Staples Rodway has exited the funds management game, winding up its two portfolio investment entity (PIE) products.
Wayne Powell, Staples Rodway senior investment adviser, said investors in the PIEs – launched in May 2013 under the SRIM label – would be transitioned into similar “non discretionary portfolios” administered by FNZ.
“We wanted to utilise the benefits of using the FNZ platform,” Powell said.
The SRIM balanced and conservative PIEs invested into a range of underlying funds offered by managers including AMP Capital, BlackRock, Devon, Harbour, Magellan Nikko and Russell.
Powell said clients wouldn’t lose any tax benefits following the transition as the portfolio remained invested in underlying PIEs.
In September, Guy Holroyd, who was involved in setting up one of the underlying SRIM funds – Gottex Staples Rodway, announced plans to roll out a series of products under the GSR label. Staples Rodway has a 33 per cent share of GSR with Holroyd owning the remainder.
BlackRock replaced Swiss-headquartered hedge fund operation Gottex as underlying manager in the GSR product this March.

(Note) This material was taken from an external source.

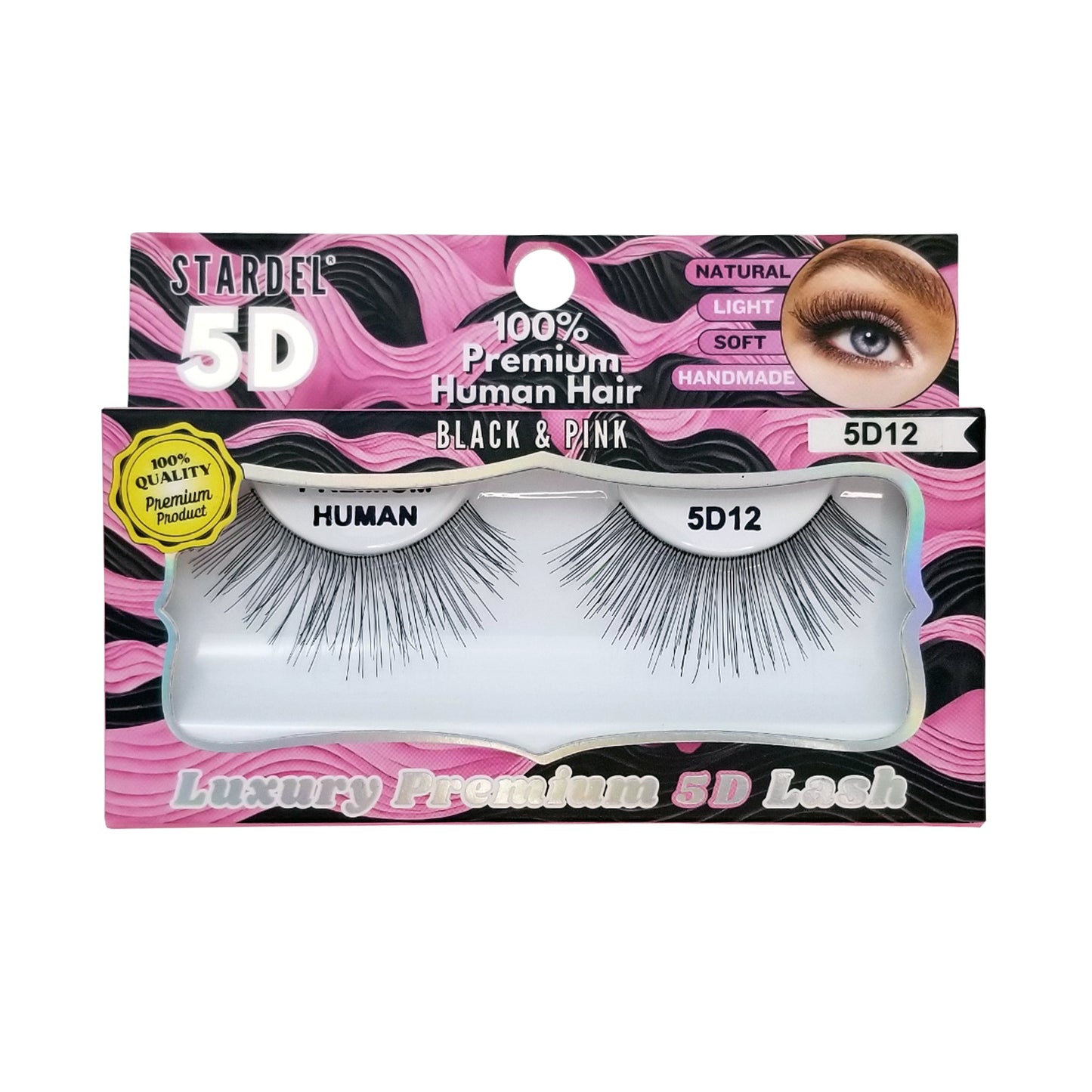 5D Premium Human Hair Lash #5D 12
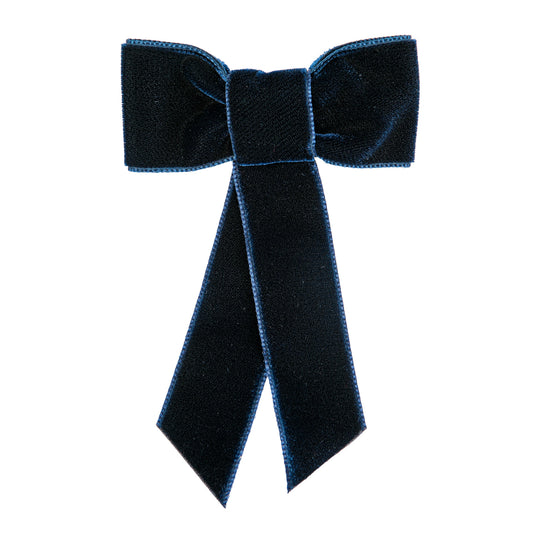 Condor Coquette hair clip with velvet bow - 480                           Navy Blue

“Gottex have withdrawn from the New Zealand market and the new fund invests directly into the BlackRock Multi Opportunity Fund,” the June 2015 SRIM fund update says.
The GSR fund has about $17 million under management.
Collectively, the two SRIM PIEs had raised about $26 million since inception, Powell said, split roughly equally between the products.
“We just wanted to streamline what we’re doing,” he said. “We decided we don’t want to be fund managers any more; we want to focus on our core competency as investment advisers.”
It is understood the $57 million Staples Rodway KiwiSaver product would also close soon, pending a merger with the SBS Lifestages scheme. SBS, via its wealth management subsidiary Funds Administration NZ (FANZ), took over management of the Staples Rodway scheme in April this year. Under the deal, FANZ took a 50 per cent stake in the accounting group’s wealth management arm, Staples Rodway Asset Management.